Julian Clover recalls the world of two decades ago and how we are on the edge of a new shift in broadcasting.
20 years ago this week, May 8 to be precise, I wandered down London’s Farringdon Road towards the offices of Radio & Music. The new magazine had hired me as a reporter in what was effectively my first paid employment as a journalist.
It was a time of tremendous change, both in radio, and the broadcasting sector as a whole. The Astra satellite, and with it Sky Television, had launched four months earlier. Radio was going through a period of massive change, AM and FM services that had historically broadcast the same programmes were being split into hits and so-called gold channels, and the regional ownership structure was pretty much still intact.
At the same time Sky was changing UK television, effectively broadcasting under licence from Luxembourg where Astra was based, it wasn’t bound by the rules of the ‘official’ British Satellite Broadcasting. Those rules, the price of movie and sports rights, and the creation of the BBC with adverts put pay to BSB’s ambitions.
Time and again British broadcasting has repeated the mistakes of the past, sometimes just by holding on for too long. The breakfast station GMTV launched with a format that had failed for TVAM some 12 years previous.
The decade that followed saw the growth of multichannel television in the UK, I watched much of it from the wrong end of the Kings Road, from the offices of the sadly-missed Cable and Satellite Europe. Television felt like it was growing in increments of 16 as Astra stacked up the satellites at 19 degrees East.
There was a strange period around 1998, Canal Plus had launched in France, but the UK was a little late. It didn’t matter, Sky Digital launched, and so did interactive television in the form of Open that would place a subsidy on the boxes, taking the price first to £200, and then free. Ten years on you’d struggle to find a set-top for more than that price.
My colleague Barry Flynn and I decided to order something from all the ‘shops’ on the Open platform. Barry found that shopping at Asda required the download of a list of items from the individual store over the 14Kbps modem. I ordered a CD and a book. The CD was there in 24-hours, the book from established retailer WH Smith took a week, in which time the CD supplier had gone out of business.

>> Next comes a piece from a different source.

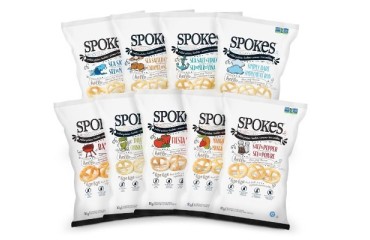 Left Field Foods Introduces Air-Puffed Potato Snacks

Multichannel has been replaced by multiplatform and maybe broadband TV is the new satellite. It has certainly surpassed digital, at least in potential, and will continue to do so as the young take responsibility for the settlement of the triple play bill.
We are I suspect on the edge of another shift in broadcasting, a term that itself must become defunct, the Australian telecasting perhaps becoming the new term. On demand for anything other than news and sport will surely be established. I feel a Martini moment coming on.